BACKGROUND: Information regarding the clinical phenotypes of diabetic kidney disease (DKD) might guide better practice for clinicians. We aim to compare the clinical features and long-term outcomes of proteinuric and non-proteinuric phenotypes of DKD, based on a prospective cohort of Chinese population. METHODS: Altogether 8811 Chinese participants with diabetes were included. Kidney function decline was defined as estimated glomerular filtration rate <60 mL/min·1.73 m-2. The presence of proteinuria by urine dipstick test was further divided into micro-proteinuria (trace or 1+) and overt-proteinuria (≥2+). Participants were then stratified into 5 groups: no DKD, isolated kidney function decline, isolated micro-proteinuria, isolated overt-proteinuria, and proteinuria combined with kidney function decline. Outcomes include the first occurrence of composite cardiovascular events, end-stage renal disease (ESRD), and all-cause mortality. MAIN FINDINGS: After a median follow-up of 6.9 years, there were 646 composite cardiovascular events, 31 ESRD events, and 718 deaths.
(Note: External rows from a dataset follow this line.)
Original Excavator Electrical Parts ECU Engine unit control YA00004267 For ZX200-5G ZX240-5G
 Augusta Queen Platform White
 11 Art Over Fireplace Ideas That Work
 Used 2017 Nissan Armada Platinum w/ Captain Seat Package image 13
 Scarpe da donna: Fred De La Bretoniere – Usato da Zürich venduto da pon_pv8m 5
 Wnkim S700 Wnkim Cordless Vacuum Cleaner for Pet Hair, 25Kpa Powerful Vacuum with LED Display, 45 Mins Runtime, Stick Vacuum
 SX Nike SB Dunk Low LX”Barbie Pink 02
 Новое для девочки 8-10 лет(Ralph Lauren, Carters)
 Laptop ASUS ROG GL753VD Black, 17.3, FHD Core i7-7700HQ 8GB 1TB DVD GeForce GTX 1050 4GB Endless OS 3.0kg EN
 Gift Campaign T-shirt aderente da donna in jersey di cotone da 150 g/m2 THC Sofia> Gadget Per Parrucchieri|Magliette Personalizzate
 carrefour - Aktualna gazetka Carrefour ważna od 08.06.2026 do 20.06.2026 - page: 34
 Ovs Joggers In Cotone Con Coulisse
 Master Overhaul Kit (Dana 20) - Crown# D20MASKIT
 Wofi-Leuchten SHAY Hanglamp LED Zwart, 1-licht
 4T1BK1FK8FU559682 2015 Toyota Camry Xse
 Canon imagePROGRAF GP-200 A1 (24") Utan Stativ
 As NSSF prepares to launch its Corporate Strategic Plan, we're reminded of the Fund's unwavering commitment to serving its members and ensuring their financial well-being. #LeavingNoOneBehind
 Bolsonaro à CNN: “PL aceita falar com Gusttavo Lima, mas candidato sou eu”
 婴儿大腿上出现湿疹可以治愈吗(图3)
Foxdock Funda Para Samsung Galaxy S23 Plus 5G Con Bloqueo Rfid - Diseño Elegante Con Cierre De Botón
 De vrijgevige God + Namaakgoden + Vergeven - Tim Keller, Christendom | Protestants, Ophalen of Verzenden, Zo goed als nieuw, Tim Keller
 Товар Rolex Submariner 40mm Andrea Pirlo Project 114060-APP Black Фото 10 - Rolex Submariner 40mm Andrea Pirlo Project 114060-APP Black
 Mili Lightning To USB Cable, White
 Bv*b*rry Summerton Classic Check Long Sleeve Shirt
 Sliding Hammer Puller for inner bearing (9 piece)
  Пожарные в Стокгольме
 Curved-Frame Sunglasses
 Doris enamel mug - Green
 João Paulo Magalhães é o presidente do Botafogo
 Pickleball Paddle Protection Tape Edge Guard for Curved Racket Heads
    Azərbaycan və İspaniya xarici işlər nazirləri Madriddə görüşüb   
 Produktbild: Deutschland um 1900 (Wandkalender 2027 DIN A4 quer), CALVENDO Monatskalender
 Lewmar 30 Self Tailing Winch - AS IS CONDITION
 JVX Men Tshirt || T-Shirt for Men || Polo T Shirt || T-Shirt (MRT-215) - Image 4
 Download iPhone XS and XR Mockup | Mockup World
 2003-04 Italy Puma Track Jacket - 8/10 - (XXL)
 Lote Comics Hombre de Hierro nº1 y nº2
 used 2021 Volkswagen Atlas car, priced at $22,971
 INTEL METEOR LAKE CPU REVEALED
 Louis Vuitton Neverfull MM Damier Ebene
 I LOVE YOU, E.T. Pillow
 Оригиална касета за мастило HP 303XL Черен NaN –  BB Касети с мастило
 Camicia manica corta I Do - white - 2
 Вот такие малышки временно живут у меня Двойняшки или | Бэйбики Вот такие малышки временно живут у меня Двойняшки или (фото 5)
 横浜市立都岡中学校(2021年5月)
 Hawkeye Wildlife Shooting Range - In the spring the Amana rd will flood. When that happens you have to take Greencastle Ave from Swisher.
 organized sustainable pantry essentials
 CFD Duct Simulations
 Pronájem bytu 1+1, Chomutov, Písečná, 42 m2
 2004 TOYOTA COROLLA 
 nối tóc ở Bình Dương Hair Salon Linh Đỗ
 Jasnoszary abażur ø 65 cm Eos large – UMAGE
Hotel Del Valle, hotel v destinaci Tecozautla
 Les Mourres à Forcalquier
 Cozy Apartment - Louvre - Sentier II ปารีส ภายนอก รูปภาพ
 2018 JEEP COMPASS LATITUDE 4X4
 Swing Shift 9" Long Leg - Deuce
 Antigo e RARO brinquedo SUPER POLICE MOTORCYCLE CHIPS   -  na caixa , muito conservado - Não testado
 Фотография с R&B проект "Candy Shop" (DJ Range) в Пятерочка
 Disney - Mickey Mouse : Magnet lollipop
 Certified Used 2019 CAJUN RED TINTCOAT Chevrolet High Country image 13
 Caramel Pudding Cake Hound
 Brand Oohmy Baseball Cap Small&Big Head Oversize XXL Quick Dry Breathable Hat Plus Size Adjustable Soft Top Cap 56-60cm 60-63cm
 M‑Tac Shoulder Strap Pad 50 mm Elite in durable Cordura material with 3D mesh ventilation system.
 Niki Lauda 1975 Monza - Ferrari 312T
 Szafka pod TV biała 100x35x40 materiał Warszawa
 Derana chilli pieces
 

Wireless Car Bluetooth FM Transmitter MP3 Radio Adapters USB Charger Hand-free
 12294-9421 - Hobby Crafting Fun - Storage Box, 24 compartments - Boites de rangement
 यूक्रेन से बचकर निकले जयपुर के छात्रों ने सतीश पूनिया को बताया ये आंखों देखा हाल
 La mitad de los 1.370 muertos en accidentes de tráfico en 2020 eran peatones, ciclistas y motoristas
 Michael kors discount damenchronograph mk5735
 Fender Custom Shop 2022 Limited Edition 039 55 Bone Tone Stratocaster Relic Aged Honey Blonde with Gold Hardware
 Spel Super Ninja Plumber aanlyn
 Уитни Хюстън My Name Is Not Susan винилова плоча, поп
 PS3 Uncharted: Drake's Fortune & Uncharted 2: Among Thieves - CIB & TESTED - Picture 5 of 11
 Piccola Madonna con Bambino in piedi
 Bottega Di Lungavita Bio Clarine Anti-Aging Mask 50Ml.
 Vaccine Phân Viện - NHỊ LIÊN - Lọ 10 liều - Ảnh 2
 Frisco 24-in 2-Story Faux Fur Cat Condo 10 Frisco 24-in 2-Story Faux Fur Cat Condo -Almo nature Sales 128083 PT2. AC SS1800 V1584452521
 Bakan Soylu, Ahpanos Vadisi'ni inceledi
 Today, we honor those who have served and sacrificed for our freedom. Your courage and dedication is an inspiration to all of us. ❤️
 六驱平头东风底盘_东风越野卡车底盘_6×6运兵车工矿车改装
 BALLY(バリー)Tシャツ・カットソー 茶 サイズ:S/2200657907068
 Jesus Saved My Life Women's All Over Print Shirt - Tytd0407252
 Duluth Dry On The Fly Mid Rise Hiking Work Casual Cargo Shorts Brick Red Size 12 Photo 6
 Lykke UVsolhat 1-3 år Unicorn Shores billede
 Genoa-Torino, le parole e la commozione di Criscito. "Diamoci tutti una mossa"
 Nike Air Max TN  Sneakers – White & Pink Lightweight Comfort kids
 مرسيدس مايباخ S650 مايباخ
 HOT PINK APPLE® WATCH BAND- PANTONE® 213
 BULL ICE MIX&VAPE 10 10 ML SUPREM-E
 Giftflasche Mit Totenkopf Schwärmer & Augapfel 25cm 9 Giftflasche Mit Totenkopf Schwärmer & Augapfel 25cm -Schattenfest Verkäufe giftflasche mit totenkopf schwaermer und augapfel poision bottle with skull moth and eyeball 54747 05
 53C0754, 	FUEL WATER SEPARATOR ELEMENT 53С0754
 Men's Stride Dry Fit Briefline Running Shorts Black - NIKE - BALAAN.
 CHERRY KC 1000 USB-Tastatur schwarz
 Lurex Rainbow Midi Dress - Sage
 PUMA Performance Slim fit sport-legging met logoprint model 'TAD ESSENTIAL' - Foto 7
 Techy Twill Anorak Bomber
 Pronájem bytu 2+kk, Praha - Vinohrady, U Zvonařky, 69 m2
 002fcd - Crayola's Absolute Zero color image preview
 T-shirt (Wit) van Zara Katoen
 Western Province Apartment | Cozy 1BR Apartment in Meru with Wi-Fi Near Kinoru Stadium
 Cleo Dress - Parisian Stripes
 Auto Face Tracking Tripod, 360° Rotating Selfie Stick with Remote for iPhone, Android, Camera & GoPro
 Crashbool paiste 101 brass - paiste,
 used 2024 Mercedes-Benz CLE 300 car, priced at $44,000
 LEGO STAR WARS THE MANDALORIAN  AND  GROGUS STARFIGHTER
Isolated kidney function decline was only associated with the higher risk of ESRD (HRs 31.33 (95% CI 3.65-269.27)). Participants of overt-proteinuria and proteinuria combined with kidney function decline phenotypes were associated with increased risk of all predefined adverse outcomes. CONCLUSIONS: Proteinuric and non-proteinuric DKD phenotypes might follow different pathophysiological pathways, and result in heterogeneous clinical features and prognosis.